EU laws are essentially of two types.
There are three types of EU legislation: Decisions, Regulations, and Directives. A minor point perhaps, but it is indicative of the slipshod manner in which the British press report on EU issues, only to then put themselves at the front of the queue wailing about an absence of facts.
Those aimed at creating the single market — which is most of them — demand that member states respect the free movement of goods and services and require that the products which are to be traded be produced to common minimum standards.
The Single Market (EEA) acquis is one quarter the size of the total EU acquis—roughly 26 percent (based on the latest updated figure) of all EU legislative acts in force are “EEA relevant”. Of those more than 80 percent of the legislative categories covered under the EEA acquis fall within the ambit of international standards which the EU is obliged, under the terms of the WTO Agreement on Technical Barriers to Trade, to use as the basis for technical regulations within its Single Market.
All trade blocs and trade treaties have these kind of laws.
It is this kind of statement that causes one to doubt Mr Hilton’s honesty.
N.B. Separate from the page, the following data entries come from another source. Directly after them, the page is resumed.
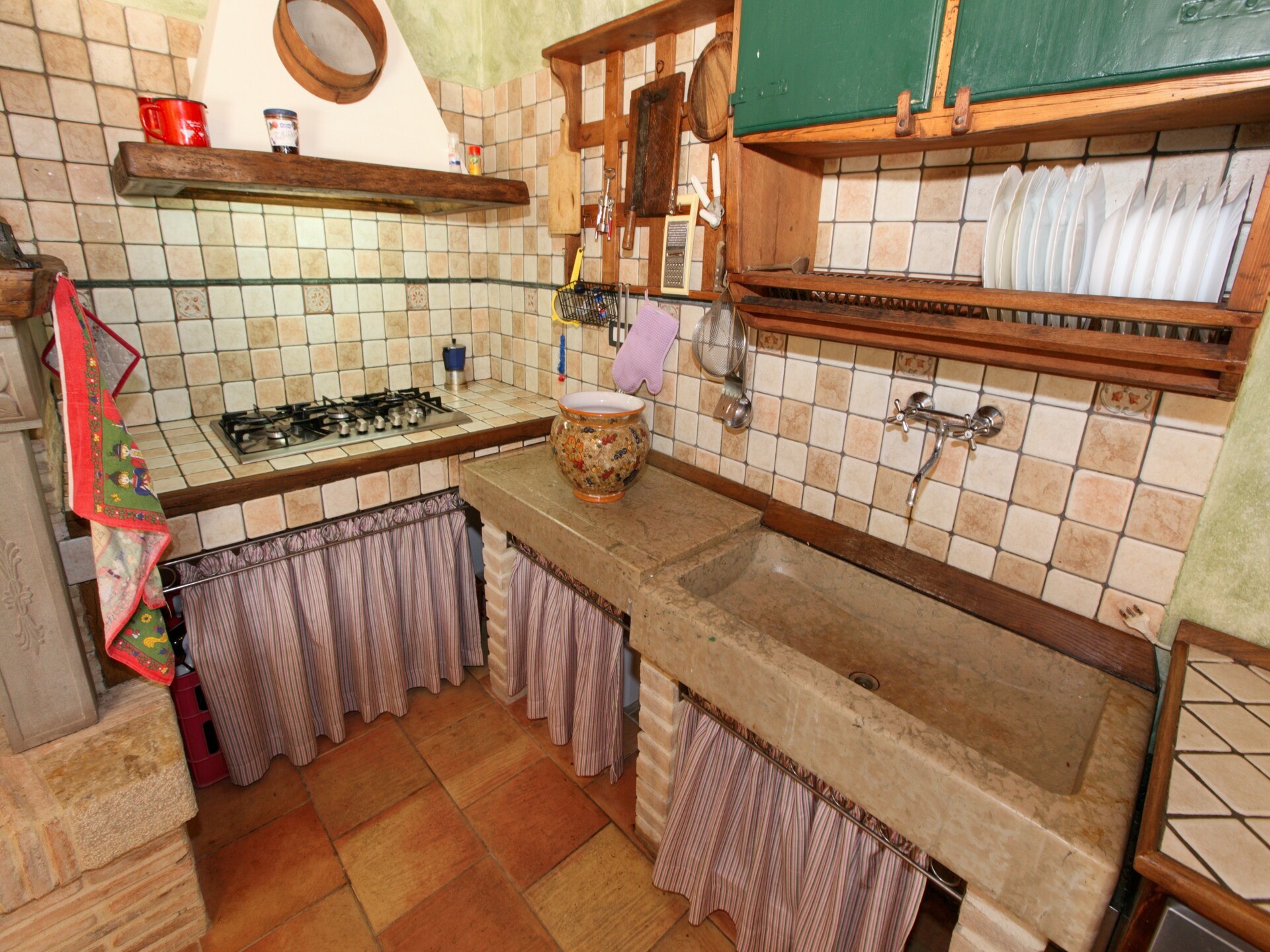 Sfeervol landhuis Ripa del Sole in Cagli voor 5 personen - foto 5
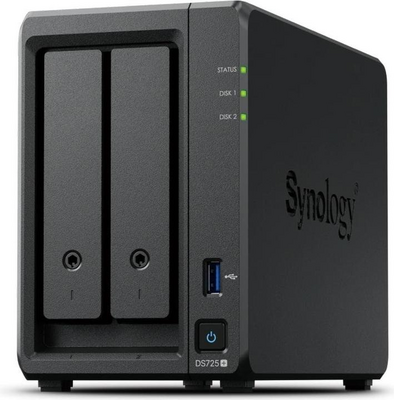 SYNOLOGY - DiskStation DS725+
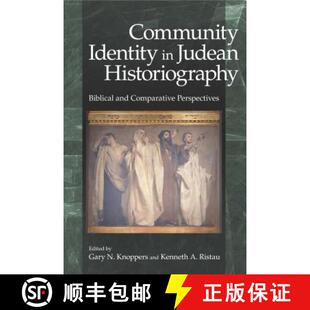 Historiography Biblical Perspectives Community Comparative 4周达 9781575061658 Identity and Judean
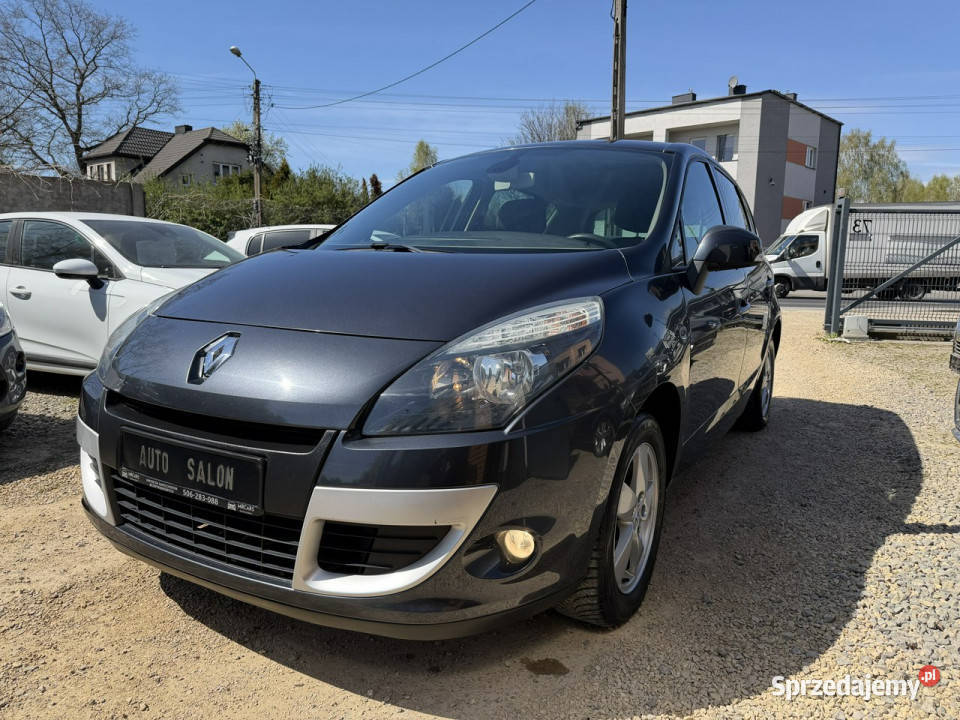 Renault Scenic bluetooth Częstochowa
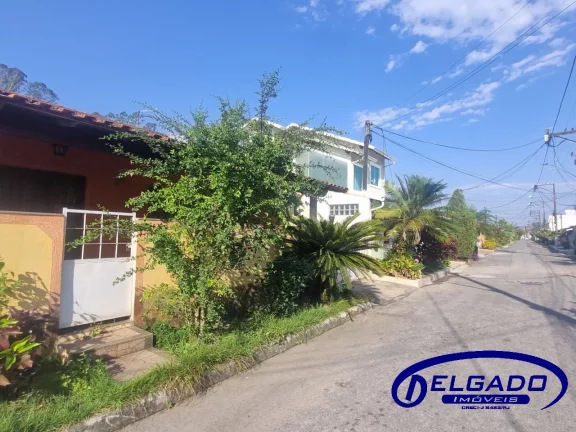 Imagem DELGADO vende CASA com 2 quartos para venda em CONDOMINIO FECHADO no Rio Váreza - Itaboraí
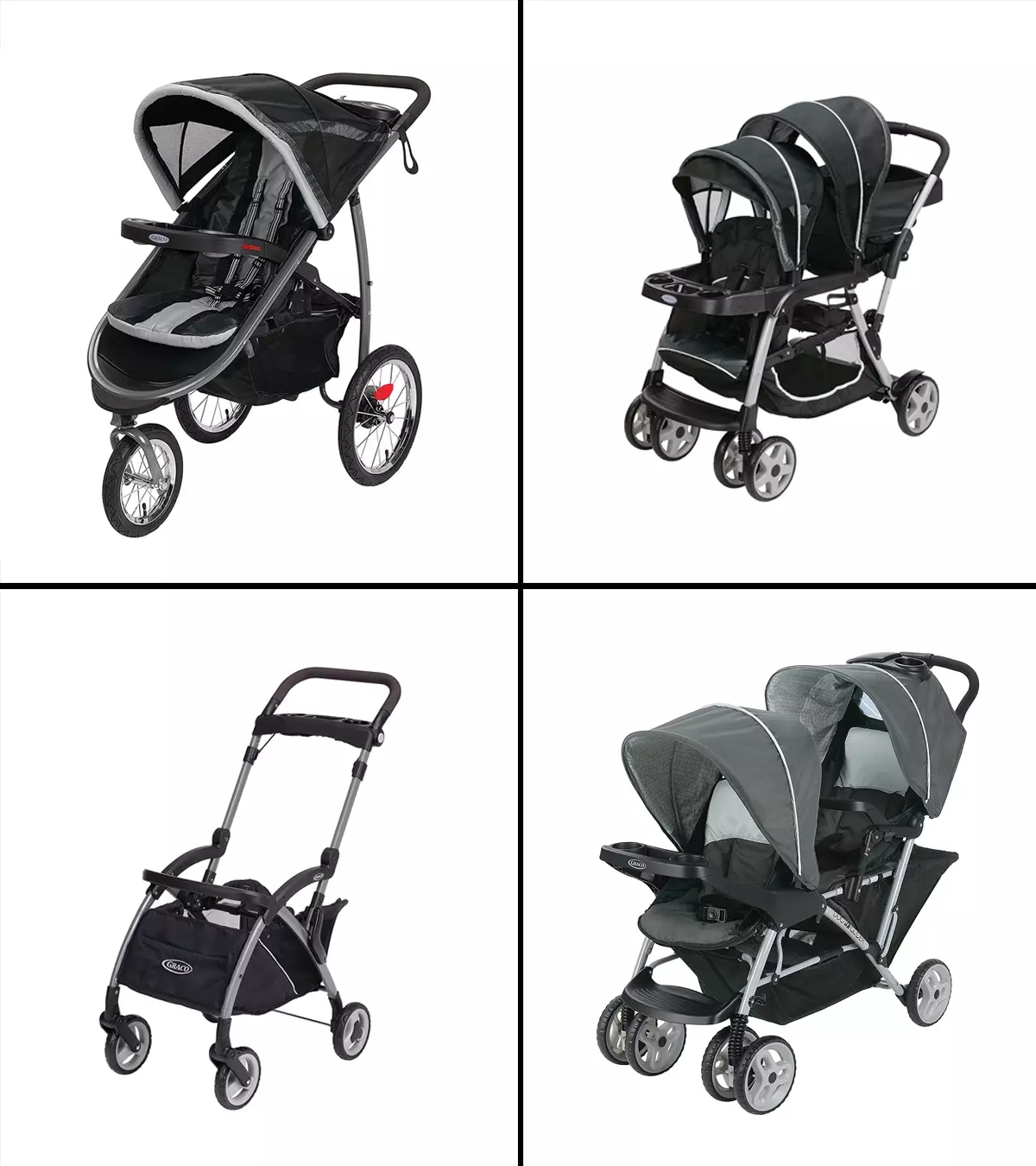 11 Best Jogging Stroller Travel Systems In 2021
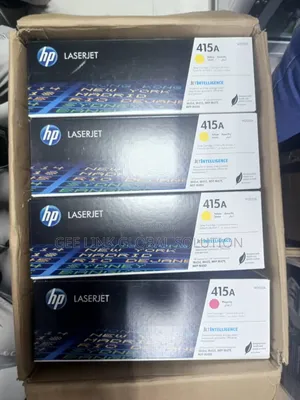 Hp Toner 415 Colors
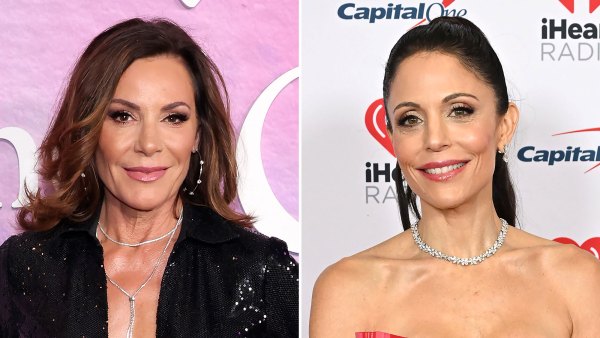 Luann de Lesseps Is Still Blocked by Bethenny Frankel Despite Reconciliation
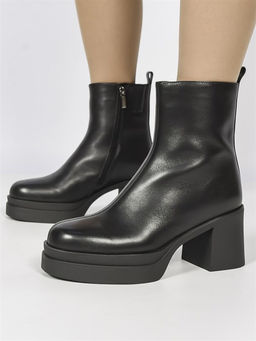 Ботильоны стильные зимние M364 - Piniolo фото 2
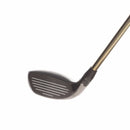 Callaway Paradym Graphite Mens Right Hand 5 Hybrid 24* Stiff - Oban Isawa GLD Hybrid 70g O4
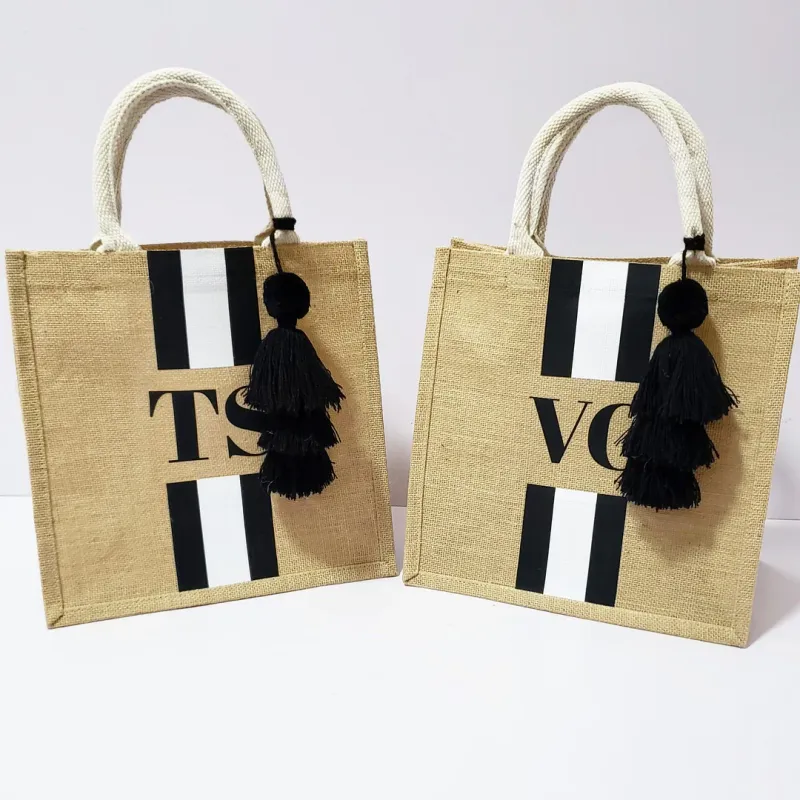 MINI BOLSO TOTE PERSONALIZADO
No other trade bloc anywhere else in the world has an executive Commission which proposes and enacts laws that bind its Member States and are judiciable in a supranational court. Mutual recognition of conformity assessment and common regulatory standards do not demand political integration. ASEAN does not pass laws. NAFTA does not pass laws. Even TTIP, should it ever come into force, would not have a legislative function with primacy over and above that of participating nation-states.
People tend not to appreciate that the bulk of EU law has the sole purpose of making the single market work better, which is what British business wants.
What business wants is not relevant in matters of constitutional importance. How and by whom Britain should be governed is a matter for the British electorate. Moreover, as I have just explained, the assertion that “the bulk of EU law has the sole purpose of making the single market work better” is monstrously, maddeningly false.
There is no reason other than political union for Britain’s trade, fisheries, agricultural, energy and environmental policies to be subject to the majority vote of foreign governments. In the land that Mr Hilton inhabits, however, taking decisions further away from the electorate, lengthening lines of accountability, and introducing additional complexity and unnecessary duplication of effort which runs counter to the multilateral harmonisation agenda is more democratic than self-governance and proper global engagement.
This incoherent view hinges on a fundamental misunderstanding that is all too common among the Bubbleteers. In a democracy, the power lies not with the politicians, but with the people. The ultimate back-stop is not Parliament, but the British electorate.
A vote to leave is a vote to take that responsibility unto ourselves, to begin to act like the engaged and active citizenry that we like to think that we are.